» WORK TASK
The line containing "Cheap Mercedes-Benz C-Class" marks the end: write out exactly every line from the first line of the data below through that line, and only those.

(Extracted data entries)

/---

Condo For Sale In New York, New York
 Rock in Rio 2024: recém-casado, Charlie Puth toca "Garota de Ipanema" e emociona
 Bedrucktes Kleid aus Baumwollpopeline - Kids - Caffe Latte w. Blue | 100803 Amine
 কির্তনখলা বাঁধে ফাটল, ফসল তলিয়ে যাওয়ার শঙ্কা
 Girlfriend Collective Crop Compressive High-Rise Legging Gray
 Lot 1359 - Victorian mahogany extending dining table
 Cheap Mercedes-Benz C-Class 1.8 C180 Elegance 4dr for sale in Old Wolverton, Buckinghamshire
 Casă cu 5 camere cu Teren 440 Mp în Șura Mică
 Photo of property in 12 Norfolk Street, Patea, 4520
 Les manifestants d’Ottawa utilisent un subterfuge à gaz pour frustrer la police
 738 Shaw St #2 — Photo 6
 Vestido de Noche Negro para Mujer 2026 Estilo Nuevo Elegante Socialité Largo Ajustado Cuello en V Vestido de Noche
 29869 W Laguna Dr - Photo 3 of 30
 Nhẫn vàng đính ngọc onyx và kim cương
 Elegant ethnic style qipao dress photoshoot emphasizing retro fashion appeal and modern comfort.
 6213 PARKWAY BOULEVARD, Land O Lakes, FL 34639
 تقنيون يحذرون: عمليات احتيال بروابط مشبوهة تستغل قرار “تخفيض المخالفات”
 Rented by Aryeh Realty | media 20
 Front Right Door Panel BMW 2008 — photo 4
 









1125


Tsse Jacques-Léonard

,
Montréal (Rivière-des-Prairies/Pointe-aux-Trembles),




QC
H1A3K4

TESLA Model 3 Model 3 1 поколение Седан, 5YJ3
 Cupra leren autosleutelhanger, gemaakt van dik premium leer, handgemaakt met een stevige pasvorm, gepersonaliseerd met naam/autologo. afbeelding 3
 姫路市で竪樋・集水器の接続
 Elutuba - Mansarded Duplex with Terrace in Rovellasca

\---

» WRITTEN RESPONSE
Condo For Sale In New York, New York
 Rock in Rio 2024: recém-casado, Charlie Puth toca "Garota de Ipanema" e emociona
 Bedrucktes Kleid aus Baumwollpopeline - Kids - Caffe Latte w. Blue | 100803 Amine
 কির্তনখলা বাঁধে ফাটল, ফসল তলিয়ে যাওয়ার শঙ্কা
 Girlfriend Collective Crop Compressive High-Rise Legging Gray
 Lot 1359 - Victorian mahogany extending dining table
 Cheap Mercedes-Benz C-Class 1.8 C180 Elegance 4dr for sale in Old Wolverton, Buckinghamshire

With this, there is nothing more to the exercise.